#### WORK TASK:
Character for character, write out the data below.

[Records contained in a dataset]
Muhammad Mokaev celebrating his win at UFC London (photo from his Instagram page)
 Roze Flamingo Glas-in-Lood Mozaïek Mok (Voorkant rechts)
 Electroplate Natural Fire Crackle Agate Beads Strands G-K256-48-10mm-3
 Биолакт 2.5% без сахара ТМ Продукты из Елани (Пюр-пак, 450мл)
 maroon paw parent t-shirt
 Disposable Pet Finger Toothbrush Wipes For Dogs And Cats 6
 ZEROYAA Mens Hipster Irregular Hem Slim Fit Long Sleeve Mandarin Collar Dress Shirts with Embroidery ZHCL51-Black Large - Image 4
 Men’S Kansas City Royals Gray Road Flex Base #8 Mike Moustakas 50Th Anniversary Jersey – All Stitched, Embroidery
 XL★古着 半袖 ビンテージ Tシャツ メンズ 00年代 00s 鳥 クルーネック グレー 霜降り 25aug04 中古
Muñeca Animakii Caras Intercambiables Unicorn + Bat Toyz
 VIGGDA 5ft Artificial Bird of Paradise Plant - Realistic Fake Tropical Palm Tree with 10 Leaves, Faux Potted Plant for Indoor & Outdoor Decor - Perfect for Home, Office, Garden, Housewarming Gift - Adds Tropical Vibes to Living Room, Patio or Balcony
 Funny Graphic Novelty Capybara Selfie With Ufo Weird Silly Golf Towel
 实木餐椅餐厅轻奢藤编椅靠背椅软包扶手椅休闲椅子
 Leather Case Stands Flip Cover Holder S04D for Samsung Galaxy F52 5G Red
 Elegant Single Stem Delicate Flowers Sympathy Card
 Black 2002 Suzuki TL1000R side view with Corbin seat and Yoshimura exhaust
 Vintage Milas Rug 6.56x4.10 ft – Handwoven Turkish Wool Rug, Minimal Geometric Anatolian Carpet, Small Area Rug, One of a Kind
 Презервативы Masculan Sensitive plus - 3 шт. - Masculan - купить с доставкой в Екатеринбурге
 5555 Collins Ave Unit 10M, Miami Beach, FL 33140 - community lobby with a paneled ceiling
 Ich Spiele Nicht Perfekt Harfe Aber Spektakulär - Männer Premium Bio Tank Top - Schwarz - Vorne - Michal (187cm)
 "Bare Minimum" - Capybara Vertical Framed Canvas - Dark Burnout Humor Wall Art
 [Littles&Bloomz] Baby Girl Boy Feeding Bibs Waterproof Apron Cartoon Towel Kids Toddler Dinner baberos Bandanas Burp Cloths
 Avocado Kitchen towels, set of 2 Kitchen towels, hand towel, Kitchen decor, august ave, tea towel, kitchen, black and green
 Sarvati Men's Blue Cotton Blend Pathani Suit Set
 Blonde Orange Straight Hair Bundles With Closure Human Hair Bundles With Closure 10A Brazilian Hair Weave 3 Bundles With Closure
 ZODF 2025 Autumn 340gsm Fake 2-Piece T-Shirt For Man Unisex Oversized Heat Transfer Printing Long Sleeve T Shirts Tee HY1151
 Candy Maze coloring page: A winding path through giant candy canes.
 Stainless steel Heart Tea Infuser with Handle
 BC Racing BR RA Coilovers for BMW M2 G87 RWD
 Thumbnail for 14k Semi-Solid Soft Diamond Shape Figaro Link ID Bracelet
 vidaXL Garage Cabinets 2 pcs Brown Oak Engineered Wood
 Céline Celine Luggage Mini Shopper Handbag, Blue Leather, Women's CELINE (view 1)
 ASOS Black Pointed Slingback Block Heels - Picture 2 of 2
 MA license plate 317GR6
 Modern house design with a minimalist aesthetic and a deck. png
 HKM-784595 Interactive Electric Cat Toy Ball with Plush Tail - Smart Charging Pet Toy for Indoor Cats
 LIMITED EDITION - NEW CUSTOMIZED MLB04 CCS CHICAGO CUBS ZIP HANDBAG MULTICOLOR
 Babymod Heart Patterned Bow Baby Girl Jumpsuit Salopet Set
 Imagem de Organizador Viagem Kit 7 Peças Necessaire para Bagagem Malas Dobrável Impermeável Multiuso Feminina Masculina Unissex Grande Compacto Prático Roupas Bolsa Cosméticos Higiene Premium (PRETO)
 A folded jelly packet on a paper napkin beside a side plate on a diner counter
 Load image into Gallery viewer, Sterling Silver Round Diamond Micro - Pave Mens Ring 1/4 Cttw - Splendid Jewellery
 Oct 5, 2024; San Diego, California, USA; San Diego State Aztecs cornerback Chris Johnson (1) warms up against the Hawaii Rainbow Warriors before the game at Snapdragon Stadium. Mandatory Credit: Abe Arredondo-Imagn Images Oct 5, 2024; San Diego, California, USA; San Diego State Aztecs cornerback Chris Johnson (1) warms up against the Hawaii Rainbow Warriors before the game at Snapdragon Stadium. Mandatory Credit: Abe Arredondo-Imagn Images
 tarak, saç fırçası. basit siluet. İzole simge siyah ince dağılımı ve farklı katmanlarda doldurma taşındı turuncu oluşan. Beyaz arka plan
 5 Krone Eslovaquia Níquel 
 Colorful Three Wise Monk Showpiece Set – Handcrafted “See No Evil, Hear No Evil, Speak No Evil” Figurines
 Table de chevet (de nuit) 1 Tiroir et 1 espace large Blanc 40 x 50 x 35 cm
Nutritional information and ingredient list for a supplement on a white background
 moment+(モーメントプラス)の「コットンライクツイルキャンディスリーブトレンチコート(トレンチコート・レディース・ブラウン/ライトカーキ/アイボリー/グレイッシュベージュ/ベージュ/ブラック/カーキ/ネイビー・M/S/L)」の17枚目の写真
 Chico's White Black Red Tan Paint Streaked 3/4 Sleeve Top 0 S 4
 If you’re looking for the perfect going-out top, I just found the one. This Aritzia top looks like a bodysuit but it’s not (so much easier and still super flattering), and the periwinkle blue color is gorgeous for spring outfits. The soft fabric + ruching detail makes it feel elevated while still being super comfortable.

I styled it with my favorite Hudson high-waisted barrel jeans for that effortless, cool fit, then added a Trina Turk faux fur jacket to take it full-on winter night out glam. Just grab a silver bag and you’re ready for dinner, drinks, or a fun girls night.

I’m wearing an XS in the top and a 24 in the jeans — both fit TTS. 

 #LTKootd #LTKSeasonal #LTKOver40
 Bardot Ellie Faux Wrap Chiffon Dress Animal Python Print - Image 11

#### EXERCISE RESPONSE:
Muhammad Mokaev celebrating his win at UFC London (photo from his Instagram page)
 Roze Flamingo Glas-in-Lood Mozaïek Mok (Voorkant rechts)
 Electroplate Natural Fire Crackle Agate Beads Strands G-K256-48-10mm-3
 Биолакт 2.5% без сахара ТМ Продукты из Елани (Пюр-пак, 450мл)
 maroon paw parent t-shirt
 Disposable Pet Finger Toothbrush Wipes For Dogs And Cats 6
 ZEROYAA Mens Hipster Irregular Hem Slim Fit Long Sleeve Mandarin Collar Dress Shirts with Embroidery ZHCL51-Black Large - Image 4
 Men’S Kansas City Royals Gray Road Flex Base #8 Mike Moustakas 50Th Anniversary Jersey – All Stitched, Embroidery
 XL★古着 半袖 ビンテージ Tシャツ メンズ 00年代 00s 鳥 クルーネック グレー 霜降り 25aug04 中古
Muñeca Animakii Caras Intercambiables Unicorn + Bat Toyz
 VIGGDA 5ft Artificial Bird of Paradise Plant - Realistic Fake Tropical Palm Tree with 10 Leaves, Faux Potted Plant for Indoor & Outdoor Decor - Perfect for Home, Office, Garden, Housewarming Gift - Adds Tropical Vibes to Living Room, Patio or Balcony
 Funny Graphic Novelty Capybara Selfie With Ufo Weird Silly Golf Towel
 实木餐椅餐厅轻奢藤编椅靠背椅软包扶手椅休闲椅子
 Leather Case Stands Flip Cover Holder S04D for Samsung Galaxy F52 5G Red
 Elegant Single Stem Delicate Flowers Sympathy Card
 Black 2002 Suzuki TL1000R side view with Corbin seat and Yoshimura exhaust
 Vintage Milas Rug 6.56x4.10 ft – Handwoven Turkish Wool Rug, Minimal Geometric Anatolian Carpet, Small Area Rug, One of a Kind
 Презервативы Masculan Sensitive plus - 3 шт. - Masculan - купить с доставкой в Екатеринбурге
 5555 Collins Ave Unit 10M, Miami Beach, FL 33140 - community lobby with a paneled ceiling
 Ich Spiele Nicht Perfekt Harfe Aber Spektakulär - Männer Premium Bio Tank Top - Schwarz - Vorne - Michal (187cm)
 "Bare Minimum" - Capybara Vertical Framed Canvas - Dark Burnout Humor Wall Art
 [Littles&Bloomz] Baby Girl Boy Feeding Bibs Waterproof Apron Cartoon Towel Kids Toddler Dinner baberos Bandanas Burp Cloths
 Avocado Kitchen towels, set of 2 Kitchen towels, hand towel, Kitchen decor, august ave, tea towel, kitchen, black and green
 Sarvati Men's Blue Cotton Blend Pathani Suit Set
 Blonde Orange Straight Hair Bundles With Closure Human Hair Bundles With Closure 10A Brazilian Hair Weave 3 Bundles With Closure
 ZODF 2025 Autumn 340gsm Fake 2-Piece T-Shirt For Man Unisex Oversized Heat Transfer Printing Long Sleeve T Shirts Tee HY1151
 Candy Maze coloring page: A winding path through giant candy canes.
 Stainless steel Heart Tea Infuser with Handle
 BC Racing BR RA Coilovers for BMW M2 G87 RWD
 Thumbnail for 14k Semi-Solid Soft Diamond Shape Figaro Link ID Bracelet
 vidaXL Garage Cabinets 2 pcs Brown Oak Engineered Wood
 Céline Celine Luggage Mini Shopper Handbag, Blue Leather, Women's CELINE (view 1)
 ASOS Black Pointed Slingback Block Heels - Picture 2 of 2
 MA license plate 317GR6
 Modern house design with a minimalist aesthetic and a deck. png
 HKM-784595 Interactive Electric Cat Toy Ball with Plush Tail - Smart Charging Pet Toy for Indoor Cats
 LIMITED EDITION - NEW CUSTOMIZED MLB04 CCS CHICAGO CUBS ZIP HANDBAG MULTICOLOR
 Babymod Heart Patterned Bow Baby Girl Jumpsuit Salopet Set
 Imagem de Organizador Viagem Kit 7 Peças Necessaire para Bagagem Malas Dobrável Impermeável Multiuso Feminina Masculina Unissex Grande Compacto Prático Roupas Bolsa Cosméticos Higiene Premium (PRETO)
 A folded jelly packet on a paper napkin beside a side plate on a diner counter
 Load image into Gallery viewer, Sterling Silver Round Diamond Micro - Pave Mens Ring 1/4 Cttw - Splendid Jewellery
 Oct 5, 2024; San Diego, California, USA; San Diego State Aztecs cornerback Chris Johnson (1) warms up against the Hawaii Rainbow Warriors before the game at Snapdragon Stadium. Mandatory Credit: Abe Arredondo-Imagn Images Oct 5, 2024; San Diego, California, USA; San Diego State Aztecs cornerback Chris Johnson (1) warms up against the Hawaii Rainbow Warriors before the game at Snapdragon Stadium. Mandatory Credit: Abe Arredondo-Imagn Images
 tarak, saç fırçası. basit siluet. İzole simge siyah ince dağılımı ve farklı katmanlarda doldurma taşındı turuncu oluşan. Beyaz arka plan
 5 Krone Eslovaquia Níquel 
 Colorful Three Wise Monk Showpiece Set – Handcrafted “See No Evil, Hear No Evil, Speak No Evil” Figurines
 Table de chevet (de nuit) 1 Tiroir et 1 espace large Blanc 40 x 50 x 35 cm
Nutritional information and ingredient list for a supplement on a white background
 moment+(モーメントプラス)の「コットンライクツイルキャンディスリーブトレンチコート(トレンチコート・レディース・ブラウン/ライトカーキ/アイボリー/グレイッシュベージュ/ベージュ/ブラック/カーキ/ネイビー・M/S/L)」の17枚目の写真
 Chico's White Black Red Tan Paint Streaked 3/4 Sleeve Top 0 S 4
 If you’re looking for the perfect going-out top, I just found the one. This Aritzia top looks like a bodysuit but it’s not (so much easier and still super flattering), and the periwinkle blue color is gorgeous for spring outfits. The soft fabric + ruching detail makes it feel elevated while still being super comfortable.

I styled it with my favorite Hudson high-waisted barrel jeans for that effortless, cool fit, then added a Trina Turk faux fur jacket to take it full-on winter night out glam. Just grab a silver bag and you’re ready for dinner, drinks, or a fun girls night.

I’m wearing an XS in the top and a 24 in the jeans — both fit TTS. 

 #LTKootd #LTKSeasonal #LTKOver40
 Bardot Ellie Faux Wrap Chiffon Dress Animal Python Print - Image 11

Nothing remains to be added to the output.